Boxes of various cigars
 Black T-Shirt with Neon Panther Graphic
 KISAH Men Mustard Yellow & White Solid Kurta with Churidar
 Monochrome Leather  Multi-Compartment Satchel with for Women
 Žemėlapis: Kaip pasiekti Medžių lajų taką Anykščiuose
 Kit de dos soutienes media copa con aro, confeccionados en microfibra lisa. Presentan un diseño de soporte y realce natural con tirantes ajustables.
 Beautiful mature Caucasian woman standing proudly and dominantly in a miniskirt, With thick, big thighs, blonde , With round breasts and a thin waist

□ □ □ □ □

• TASK DESCRIPTION: Word for word, quote the lines from the line containing "Kit de dos soutienes" through the end of the material, both included, and nothing else.

• RESULT BELOW:
 Kit de dos soutienes media copa con aro, confeccionados en microfibra lisa. Presentan un diseño de soporte y realce natural con tirantes ajustables.
 Beautiful mature Caucasian woman standing proudly and dominantly in a miniskirt, With thick, big thighs, blonde , With round breasts and a thin waist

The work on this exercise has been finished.